The restructuring officer also reveals that a last-second offer came from some other entity.

"On March 8, 2018, the Company received one additional proposal to acquire substantially all of the Company’s assets from another interested bidder," he states. "However, this proposal included a lower cash purchase price and additional conditions precedent relating to third-party consents from the Company’s business partners. The Board held a telephonic meeting to evaluate and discuss the proposals. The Board determined that the offer from Lantern Capital represented the greatest value to the Company and its stakeholders and the greatest closing certainty."

More troubles beckon as creditors line up and a potential push is made to investigate any dishonesty and incompetence that contributed to the debtor's downfall.

The bankruptcy will pause pending lawsuits against TWC, but perhaps not all of them.

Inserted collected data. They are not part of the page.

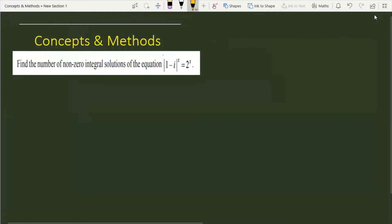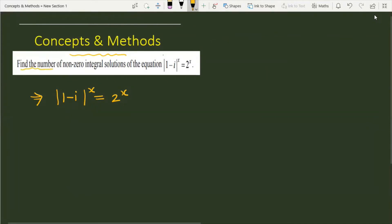We are going to solve this problem. In the question, we have one complex number which is (1 - iota). We have taken the mod of the given complex number raised to the power x, and this quantity is equal to 2 raised to the power x. We have to find the number of non-zero integral solutions of this equation: |1 - iota|^x = 2^x.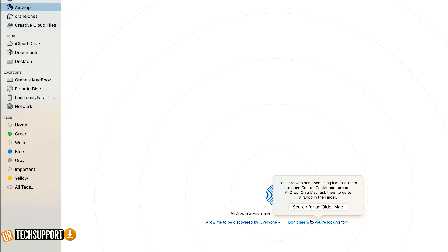You also have another option available for searching for older Macs. If you're on a Mac that's 2011 or older, you would hit this button and the AirDrop would go into search mode to locate older Macs running the older OS or older firmware.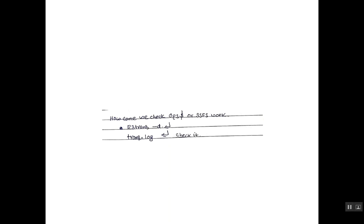Whatever the mechanism we are using to store the password, how can we check? Login to Varakil. In the SQL prompt, type the command r3trans-d and execute.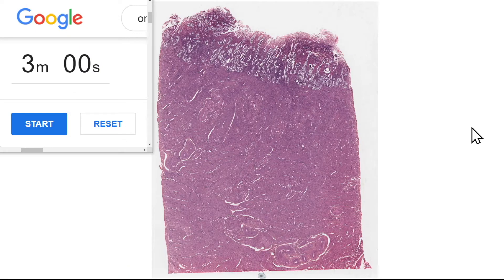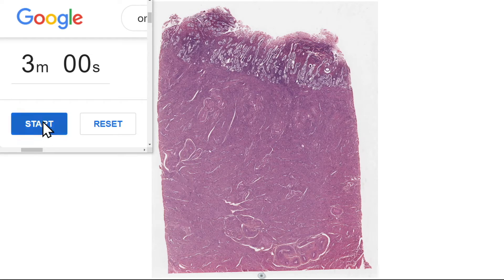G'day everyone, Jamie Chapman for 3 Minute Histology. In this video we're going to be looking at the histology of the uterus, particularly the endometrium of a person undergoing menses or menstruation. So let's start our three minutes.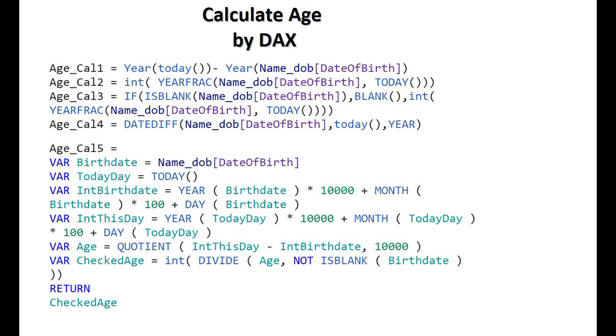Third, we are using DAX function YEARFRAC and ISBLANK, checking if the user column is blank or not.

A huge fight could be brewing with New York State Attorney General Eric Schneiderman, who in February brought a wide-ranging lawsuit alleging violations of civil rights, human rights and business laws. The complaint in New York state court alleges complicity by Harvey Weinstein's business partners and demands financial penalties and restitution for victims. Schneiderman's office insists to The Hollywood Reporter that as a law enforcement entity, this civil rights lawsuit won't be stayed. As the debtor looks to sell everything free and clear of claims and encumbrances, Schneiderman's legal efforts could impact everything.